# Source information:
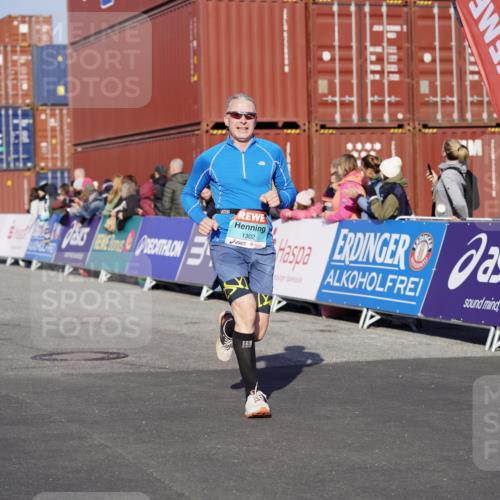 03.10.2025 - Köhlbrandbrückenlauf Michael Burmester http://msf.ph/oto/9000598 03.10.2025 10:04:56 Ziel 1211, 1302, 1403, 1406, 1457, 1477, 1944, 3741, 3812 meine-sportfotos.de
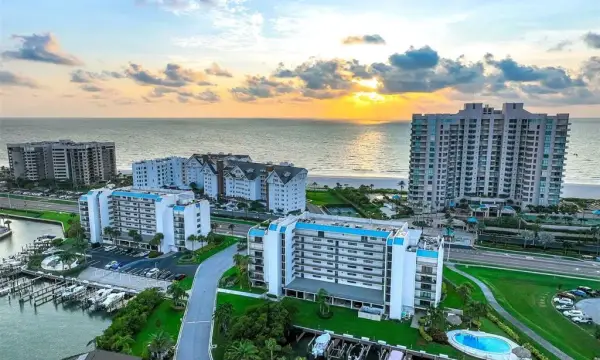 1581 Gulf Boulevard, Unit 203n, Clearwater Beach, FL, 33767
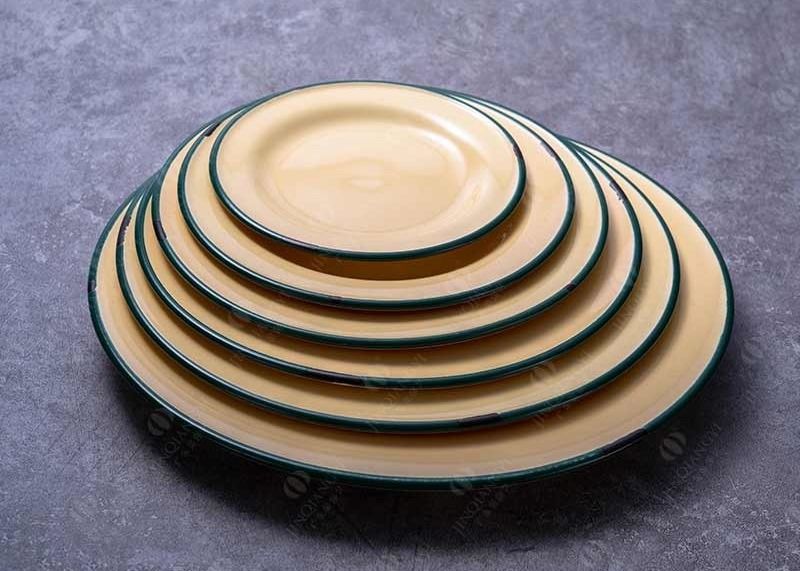 18Pc Enamel Ceramic Dinnerware Sets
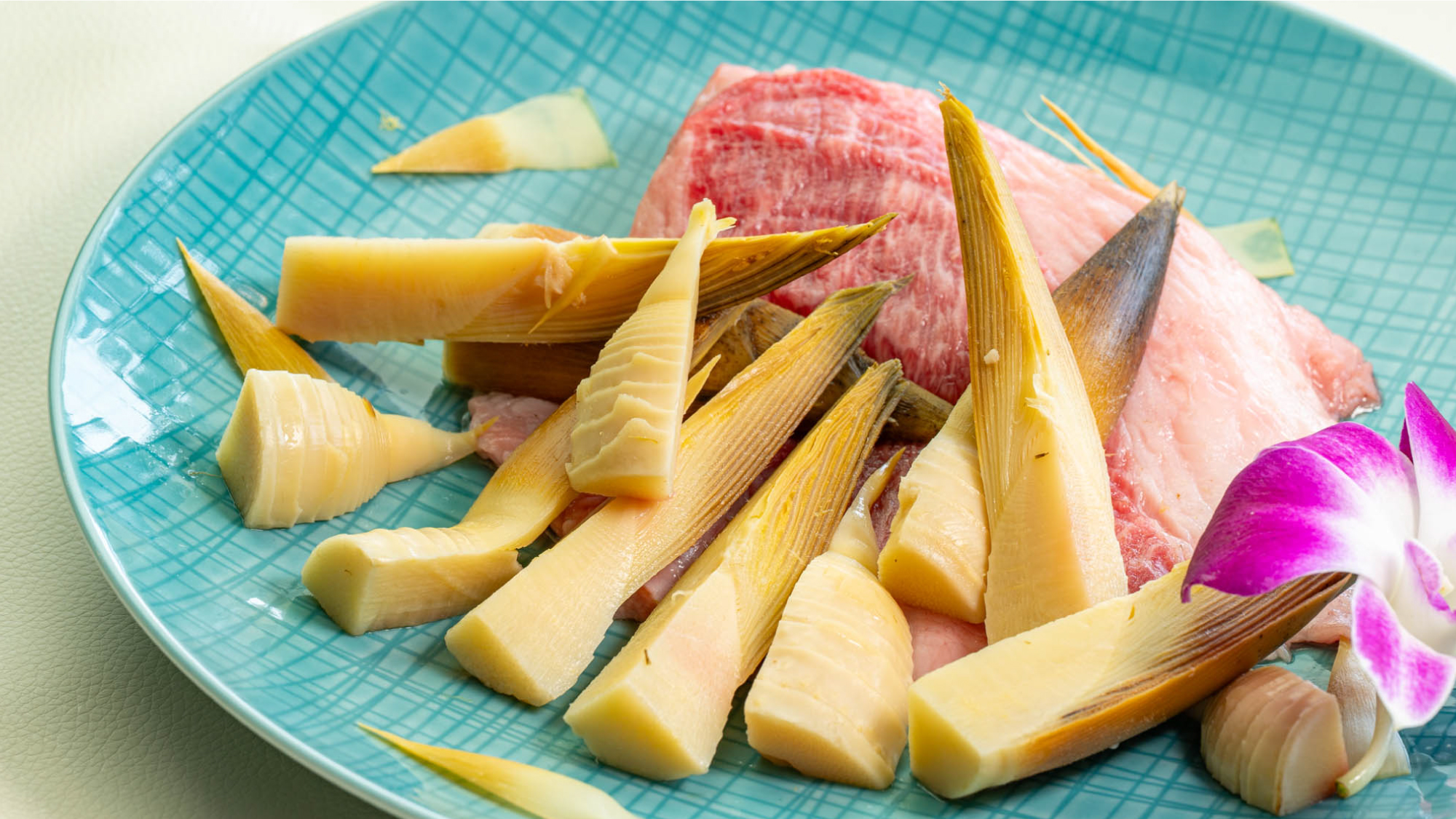 【新潟 肉の三獣奏の饗宴】新潟和牛の脂を纏った筍の鉄板焼き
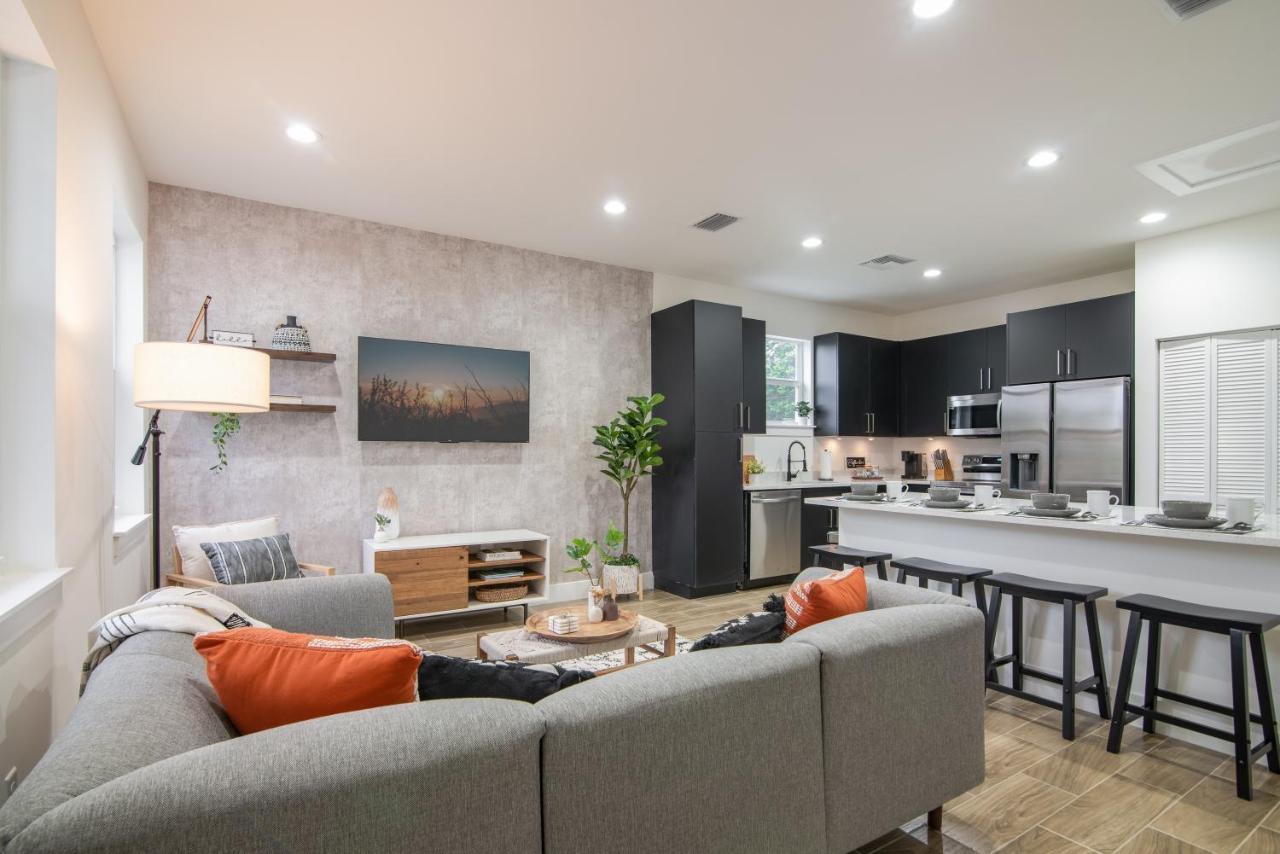 Private Cottage - King Beds, Brand New, Near Beach, Golfing, Shopping & Restaurants 沃思湖 外观 照片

# What is being asked:
Return all records verbatim and drop the pictures.

# Answer box:
 03.10.2025 - Köhlbrandbrückenlauf Michael Burmester http://msf.ph/oto/9000598 03.10.2025 10:04:56 Ziel 1211, 1302, 1403, 1406, 1457, 1477, 1944, 3741, 3812 meine-sportfotos.de
 1581 Gulf Boulevard, Unit 203n, Clearwater Beach, FL, 33767
 18Pc Enamel Ceramic Dinnerware Sets
 【新潟 肉の三獣奏の饗宴】新潟和牛の脂を纏った筍の鉄板焼き
 Private Cottage - King Beds, Brand New, Near Beach, Golfing, Shopping & Restaurants 沃思湖 外观 照片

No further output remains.